El Señor de los Anillos
De todas las versiones, la última, y literariamente más elaborada está en El Señor de los Anillos, de John R. R. Tolkien (1892-1973), editada por primera vez entre 1954 y 1955. Esta novela es la obra maestra del s. XX que cambió el rumbo de las modas, demostrando que existe una perenne vinculación entre literatura, sabiduría y conciencia.
El moderno lector de la Guerra del Anillo, se introduce complacido en un mundo romántico de cualidades ocultas, donde las viejas espadas guardan rencores, las águilas hablan, los árboles son sabios y conservan memoria de los Primeros Días del mundo. Lejos de la Comarca, donde viven hobbits pacíficos y sedentarios, existen dragones, elfos, magos y, sobre todo, una enconada guerra entre el bien y el mal, que está lejos de haber quedado definitivamente encerrada en los libros de historia. El lector moderno goza del entralazamiento de vida real, leyendas y canciones antiquísimas en lenguas desconocidas, saborea una genial recreación tanto de la novela realista como del mito clásico; pero sabe, sobre todo, que ese mito le está hablando de los horrores del siglo XX y de la faz visible de algo que él mismo ha conocido: el nihilismo, la inhumanidad, la voluntad de poder organizada.
J. R. R. Tolkien construyó casi todo su universo literario alrededor del mito del Anillo. Su novela comienza evocando un canto procedente de la noche sobrevenida tras los Días Antiguos, cuando el señor del Mal trazó un plan para dominar el mundo:
Tres anillos para los Reyes Elfos bajo el cielo.
Siete para los Señores Enanos en casas de piedra.
Nueve para los Hombres Mortales condenados a morir.
Uno para el Señor Oscuro, sobre el trono oscuro
en la Tierra de Mordor donde se extienden las Sombras.
Un Anillo para gobernarlos a todos. Un Anillo para encontrarlos,
un Anillo para atraerlos a todos y atarlos en las tinieblas
en la Tierra de Mordor donde se extienden las Sombras.

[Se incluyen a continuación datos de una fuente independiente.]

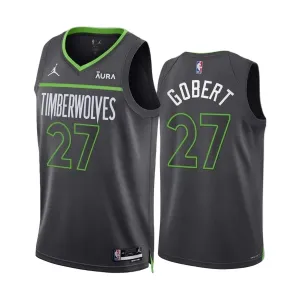 Minnesota Timberwolves Rudy Gobert 27 Jordan Miesten Pelipaita Statement Edition Swingman Minnesota Timberwolves Rudy Gobert 27 Jordan Miesten Pelipaita Statement Edition Swingman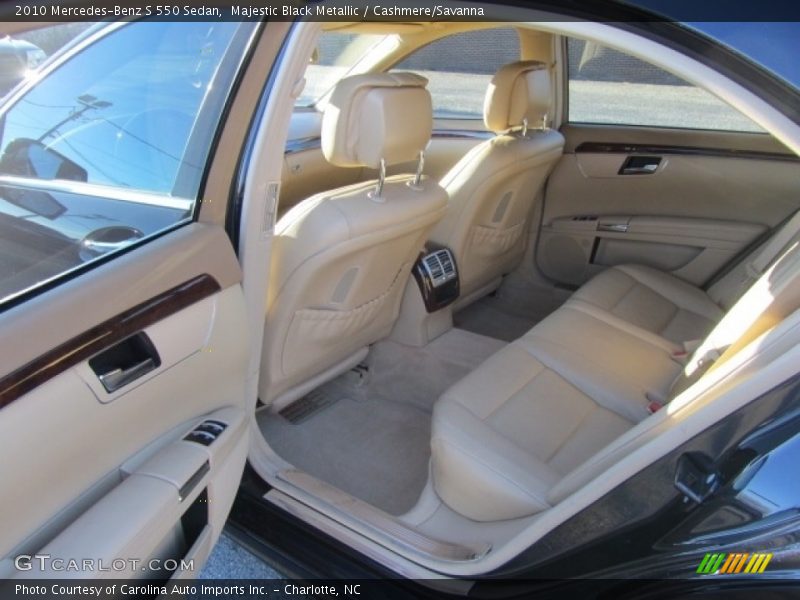 Majestic Black Metallic / Cashmere/Savanna 2010 Mercedes-Benz S 550 Sedan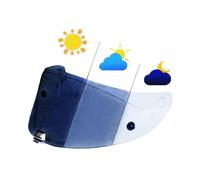 XYJTC Moto Visière de casque photochromique for HJC RPHA70 RPHA11 HJ-26 ST, verres anti-UV haute résistance (Hj26 transparent)(Hj26 Clear)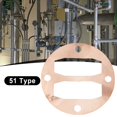 thumbnail image 3 of Tête de Cylindre de Compresseur d'Air Base Valve Plaque Joints Rondelles Tampon en Cuivre 51, 3 of 10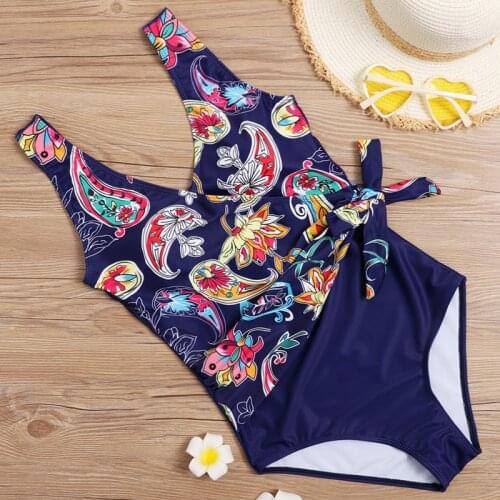 Sexy Print Large Size Swimwear Female Plus Size One-Piece Swimsuit Push Up For Beach Pool Swim Body Swimming Bathing Suit Women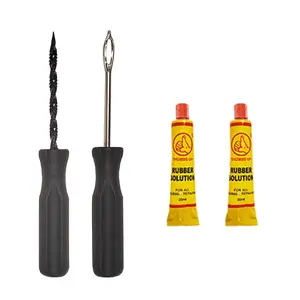 Stop & Go Tubeless Tire Rope Plug Repair Kit Refill - RP1 84 Pieces for Punctures and Flats on Car, Motorcycle, Scooter, ATV, Jeep, Truck, & Tractor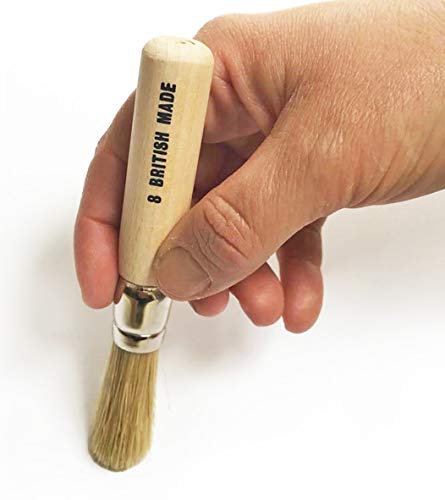 Schablonierpinsel 8 - 18 mm Kuppelspitze Reine Borsten - auch zum Wachsen geeignet! Cover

(J. R. R. Tolkien, El Señor de los Anillos, «Dedicatoria»)
El Hobbit
En su primera novela, El Hobbit (1937), Tolkien había narrado el casual encuentro del señor Bilbo Bolsón (Bilbo Baggins) con un anillo animado de voluntad propia y capaz de hacer invisible a quien se lo pone. Ese anillo posee al hombre y no a la inversa. Es el anillo quien elige a su portador y trata de introducirse en su dedo, para convencerle de imponer su dominio sobre todos. Durante muchos años perteneció a Gollum, criatura cuya personalidad ha quedado irremediablemente dañada: ama su propio poder de tal modo que no puede amar, y vive en la oscuridad y las aguas subterráneas. Bilbo, experto en adivinanzas y engaños, se llevó el anillo de Gollum, pero desde ese día vive en la mentira: ocultó su posesión a Gandalf, el mago que le había llamado por vez primera a una empresa heroica.
Han pasado muchos años. El Enemigo prosigue la búsqueda del Anillo y estrecha su cerco en torno a la Comarca, donde nunca pasa nada digno de mención. Tanto el Enemigo como Gandalf saben: Bilbo debe optar:
«—Tuve que fastidiarte —dijo Gandalf—. Quería conocer la verdad. Era importante. Los anillos mágicos son… bueno, mágicos; raros y curiosos. Estaba profesionalmente interesado en tu anillo, puedes decir, y todavía lo estoy. Me gustaría saber por dónde anda, si te marchas de nuevo. Y también pienso que lo has tenido bastante. Ya no lo necesitarás, Bilbo, a menos que yo me equivoque.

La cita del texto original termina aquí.